本発明は、主として果実ジュース、コーヒー、茶、牛乳、だし汁等の飲料品を濃縮するための凍結濃縮法及びその凍結濃縮法により濃縮された濃縮液に関するものである。
従来より、果実ジュース、野菜ジュース等の飲料品の濃縮方法としては、大別して蒸発濃縮法、膜濃縮法及び凍結濃縮法が知られている。これらの中でも凍結濃縮法は、食品、医薬品等の高品質濃縮が可能であり、且つその低温濃縮の特徴により熱的に不安定な物質の晶析法として用いることもできる(例えば、非特許文献1参照)。この界面前進凍結濃縮法は、容器冷却面に生成した氷相を一次元的に伝熱方向と逆方向に成長させる方法であり、固液相界面において溶質は氷相側から液相側へ排除される。即ち、容器冷却面からの単一氷結晶の成長により固液分離が図られ、氷相の上部に濃縮液が得られるものである。
一方、特許文献1では上記凍結濃縮法とは別に、ミカン、レモン等の柑橘類の果皮からオイル成分を圧搾するオイル製造方法が開示されている。

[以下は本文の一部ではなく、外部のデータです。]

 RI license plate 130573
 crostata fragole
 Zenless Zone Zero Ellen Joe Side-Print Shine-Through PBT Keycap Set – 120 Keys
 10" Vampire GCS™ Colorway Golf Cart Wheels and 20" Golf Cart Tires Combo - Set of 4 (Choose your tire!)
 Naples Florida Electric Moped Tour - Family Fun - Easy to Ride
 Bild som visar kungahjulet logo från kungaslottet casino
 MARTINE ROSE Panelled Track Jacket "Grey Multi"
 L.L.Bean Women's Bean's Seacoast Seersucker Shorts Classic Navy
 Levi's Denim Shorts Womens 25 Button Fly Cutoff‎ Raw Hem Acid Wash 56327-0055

このオイル製造方法は、果皮を圧搾する工程と、ストレートジュースの搾汁からエッセンスオイル等のオイル成分を回収する工程とをいずれも脱酸素雰囲気下で行うものである。
特開2003−102421号公報 宮脇 長人、"凍結濃縮法の最近の進歩とその応用"、冷凍、2002年1月号、第77巻、p.31−37
ところが、上記非特許文献1に記載の凍結濃縮法では、得られる濃縮液の品質について依然として改善の余地を残すものとなっている。一方、特許文献1のオイル製造方法では当初の目的である品質の向上が図られているが、これを上記の界面前進凍結濃縮法に応用する場合には固液分離が好適になされず、不都合を伴うものであった。
本発明者は上記課題を解決すべく鋭意検討したところ、凍結濃縮処理によって更に高品質の濃縮液を回収できる方法を見出し、本発明を完成するに至った。即ち、本発明の目的とするところは、品質の低下を抑えることが容易な凍結濃縮法、及び品質の低下が抑えられた濃縮液を提供することにある。

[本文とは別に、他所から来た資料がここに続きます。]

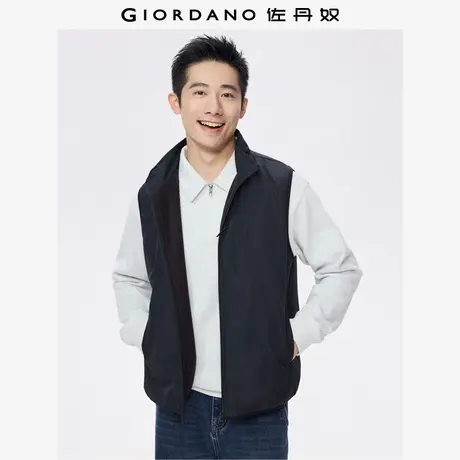 佐丹奴背心外套男秋冬新款加绒保暖多口袋立领马甲夹克男13075855商品大图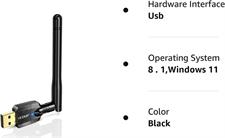 EDUP Long Range Bluetooth Adapter for PC Bluetooth 5.0 USB High Gain for Desktop Laptop Bluetooth Dongle EDR Wireless Receiver Transfer for Mouse, Keyboard,Speakers,Windows 7/8/10/8/11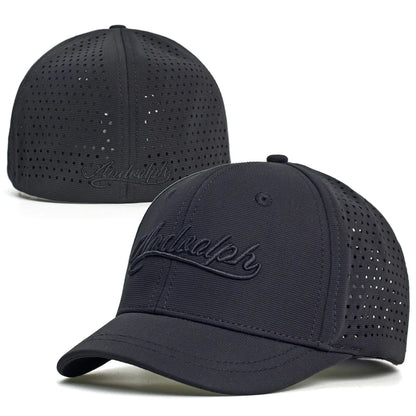 Baseballkappe mit Netzstoff, kurzer Krempe, geschlossener Rückseite, atmungsaktiv, Snapback-Kappen, eng anliegend, Dad-Cap, verstellbar, einfarbig, Trucker-Stil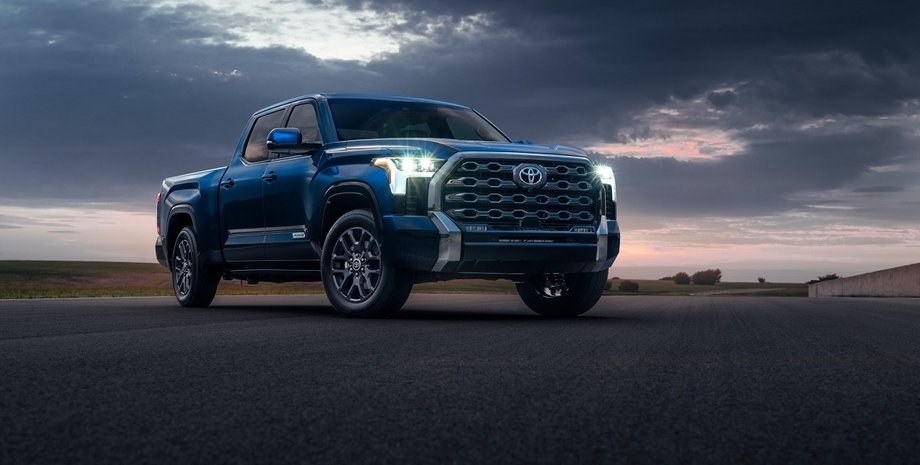 новый пикап, Toyota Tundra 2022, новый пикап Тойота, экстерьер Toyota Tundra 2022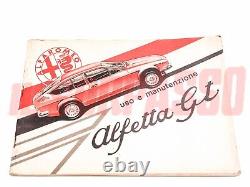 Livret Utilisation et Entretien Alfa Romeo Alfetta Gt Imprimé Mai 74 Original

上記の目的を達成するために、請求項1に記載の発明の凍結濃縮法は、溶媒としての水に溶質が溶解されている水溶液を凍結濃縮処理により濃縮する凍結濃縮法であって、前記凍結濃縮処理を脱酸素雰囲気下で行うことを要旨とする。
請求項2に記載の発明の凍結濃縮法は、請求項1に記載の発明において、前記凍結濃縮処理は密閉容器内で行われ、該密閉容器内には前記水溶液と、不活性ガスとが充填されていることを要旨とする。

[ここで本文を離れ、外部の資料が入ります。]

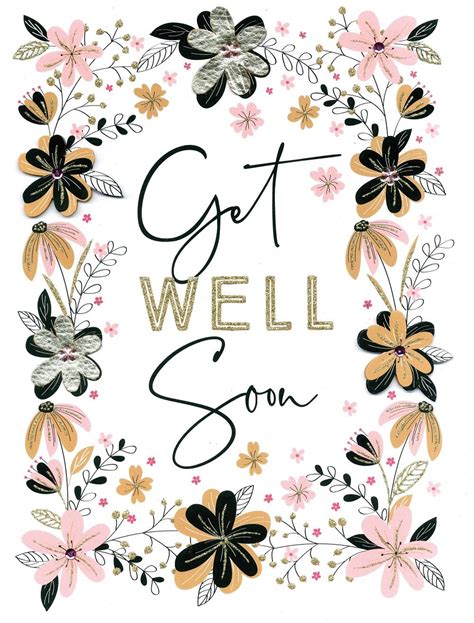 Get Well Soon Printable Cards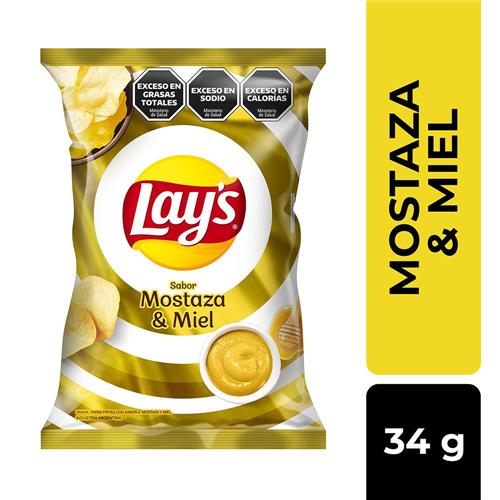 PAPAS LAYS MOSTAZA Y MIEL x 34g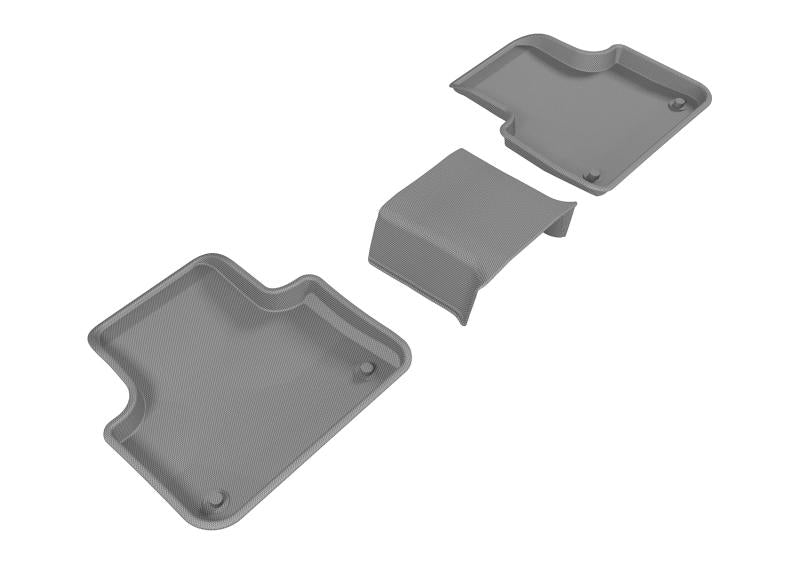 3D MAXpider 2017-2020 Audi Q7/Q8 Kagu 2nd Row Floormats - Gray L1AD04021501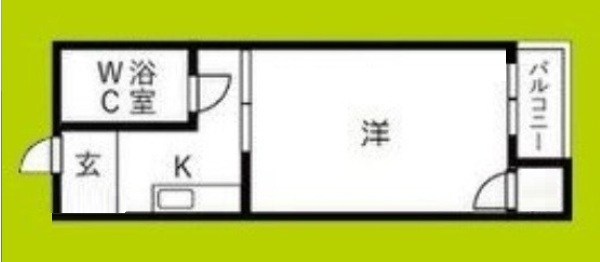 エルパラッツォ玉出 間取り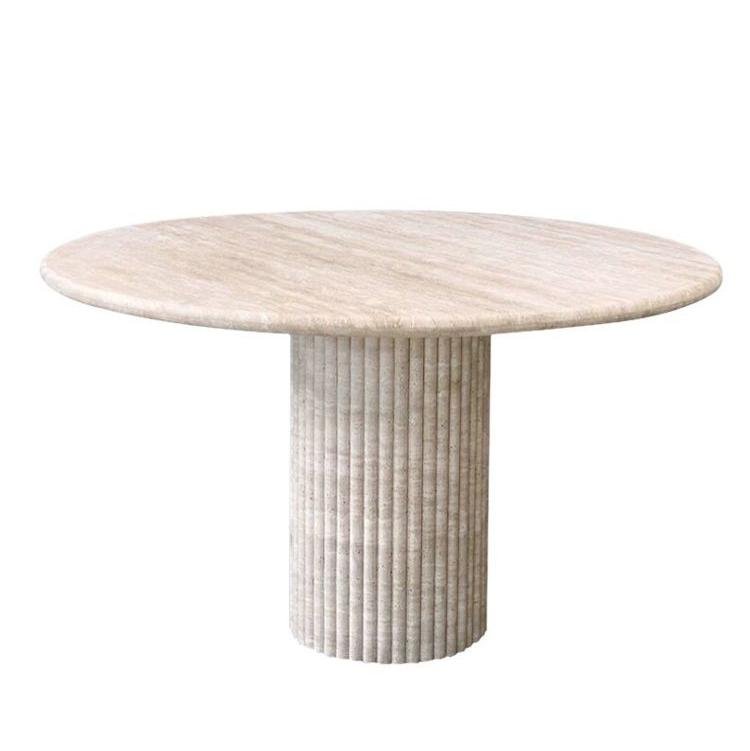 Table Ronde Hannah — Travertin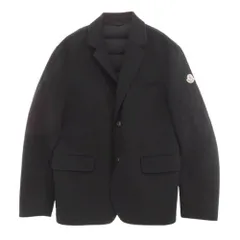 極美品 MONCLER 希少 ブラックワッペン テーラードジャケット サイズL 2025年最新】MONCLER メンズ テーラードジャケットの人気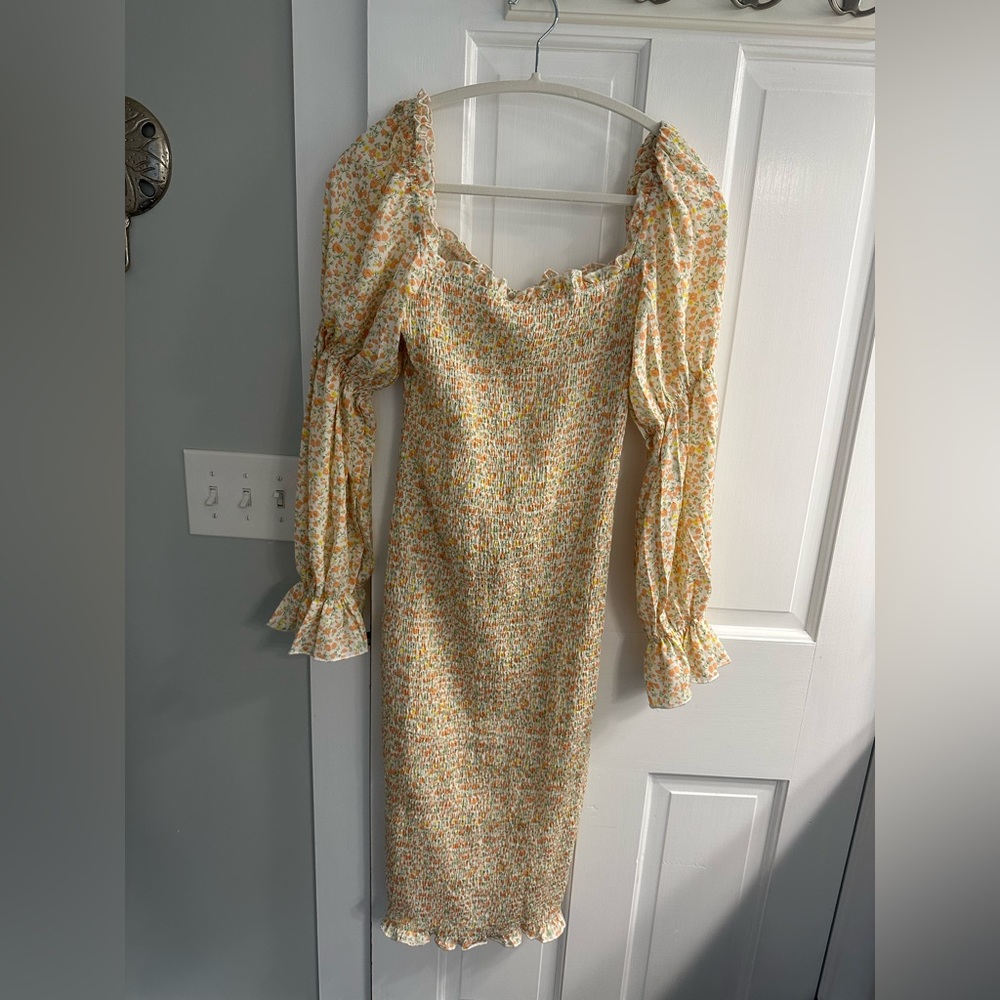NWT Petal + Pup Leila Dress in Orange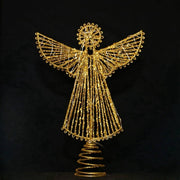 Light Glitter Metal Iron Angel Christmas Tree Topper Decor For Home Xmas Tree Ornament Navidad New Year Holiday Home Office
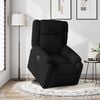 vidaXL Fauteuil inclinable noir tissu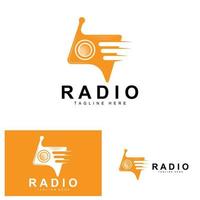 koffie radio logo, podcast radio ontwerp, koffie icoon, koffie cafe logo Product merk vector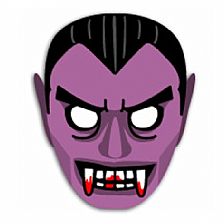 万圣节面具如何做之吸血鬼面具教程和模板免费下载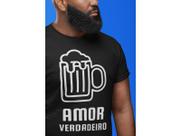 Camiseta Amor verdadeiro Preta Camiseta Amor verdadeiro Preta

請求項3に記載の発明の凍結濃縮法は、溶媒としての水に溶質が溶解されている水溶液を凍結濃縮処理により濃縮する凍結濃縮法であって、前記凍結濃縮処理は、前記水溶液中の溶存酸素量を低下させる処理を行った後に行われることを要旨とする。
請求項4に記載の発明の凍結濃縮法は、請求項3に記載の発明において、前記溶存酸素量を低下させる処理は、前記水溶液中に不活性ガスを吹込む処理、又は前記水溶液を中空糸膜に通液しながら中空糸膜外を減圧することにより脱気する処理であることを要旨とする。
請求項5に記載の発明の凍結濃縮法は、請求項1〜請求項4のいずれか一項に記載の発明において、前記凍結濃縮処理は界面前進凍結濃縮処理であることを要旨とする。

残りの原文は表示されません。